By Rachel Puryear
Givers are known for giving, and they generally do so because it makes them feel good. However, they do not like being taken advantage of, any more than anyone else does.
There is a big difference between giving, versus being taken from. Giving is something the giver freely chooses to do, and on their own terms. Takers take advantage of others, and on the taker’s terms.
Some takers might be attracted to givers, figuring that a giver will keep limitlessly providing the taker with whatever the taker wants. Unfortunately, this sometimes works for at least a while – as not all givers are good at asserting their own interests adequately, and many like to please at the expense of their own personal needs and interests. So in such instances, a one-sided relationship forms.
But eventually, the giver will get tired of the lack of reciprocity, and of constantly being drained – financially, emotionally, physically, and in all other ways. And the giver will usually, and hopefully, move on.
So what gives, the taker might ask (no pun intended)? If the giver likes giving so much, then why would they not stay for long in a relationship where they are expected to give constantly, and have so much demanded of them?
The difference is, there is a totally different feel to having something unwillingly taken from you on someone else’s terms, and where the taker does not also give back; versus freely giving on the giver’s terms, and where the giver also gets something valuable out of it, or at least knows that there is a willingness to give back.
Therefore, because someone is a giver, does not mean that they will be satisfied in a relationship with a taker. And ultimately, the giver will usually become quite miserable with the taker. The giver may endure it for a while – perhaps because they have not yet practiced setting enough boundaries, or because they want to believe that they can help the taker. But eventually, the giver will burn out and acknowledge that they are being used, and they will leave.

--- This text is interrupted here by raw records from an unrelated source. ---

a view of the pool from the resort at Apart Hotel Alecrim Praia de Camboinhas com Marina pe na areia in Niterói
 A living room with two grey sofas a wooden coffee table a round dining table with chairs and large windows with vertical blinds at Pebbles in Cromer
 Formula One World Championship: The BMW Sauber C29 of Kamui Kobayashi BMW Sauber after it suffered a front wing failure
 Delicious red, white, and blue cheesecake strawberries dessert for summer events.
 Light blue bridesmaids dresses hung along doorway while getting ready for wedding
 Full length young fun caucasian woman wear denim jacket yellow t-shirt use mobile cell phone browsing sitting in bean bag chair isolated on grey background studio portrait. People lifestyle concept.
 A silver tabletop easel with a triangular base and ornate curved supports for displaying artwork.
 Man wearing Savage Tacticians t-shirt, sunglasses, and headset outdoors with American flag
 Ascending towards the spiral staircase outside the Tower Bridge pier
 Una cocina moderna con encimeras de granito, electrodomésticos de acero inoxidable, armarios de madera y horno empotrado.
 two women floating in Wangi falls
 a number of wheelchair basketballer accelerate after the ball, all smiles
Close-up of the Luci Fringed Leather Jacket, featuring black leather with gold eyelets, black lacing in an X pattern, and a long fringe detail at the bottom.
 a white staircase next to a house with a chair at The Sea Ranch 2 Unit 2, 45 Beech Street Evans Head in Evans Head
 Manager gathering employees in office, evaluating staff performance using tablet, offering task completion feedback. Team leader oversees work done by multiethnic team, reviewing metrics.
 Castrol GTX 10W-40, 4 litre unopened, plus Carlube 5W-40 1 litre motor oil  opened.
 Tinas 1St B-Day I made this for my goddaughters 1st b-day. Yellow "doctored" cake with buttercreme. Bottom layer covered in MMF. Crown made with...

If you truly want to impress and take good care of a giver, then do something for them that they may very well not be used to – be a giver to them. No, this doesn’t mean you have to become their servant, which they probably would not go for anyway. But little things count a lot. Do little favors for them here and there, just to let them know that they are appreciated. Pay attention to them. Show them affection, genuine compliments, let them know how you feel about them. It doesn’t necessarily have to cost you anything.
If you truly have a giver with you, and you also reciprocate their giving nature, it will be something amazing. This relationship will be more than the sum of its parts – and more than either of you could create alone. Givers are people who are truly worth your investment of time, effort, and emotional energy.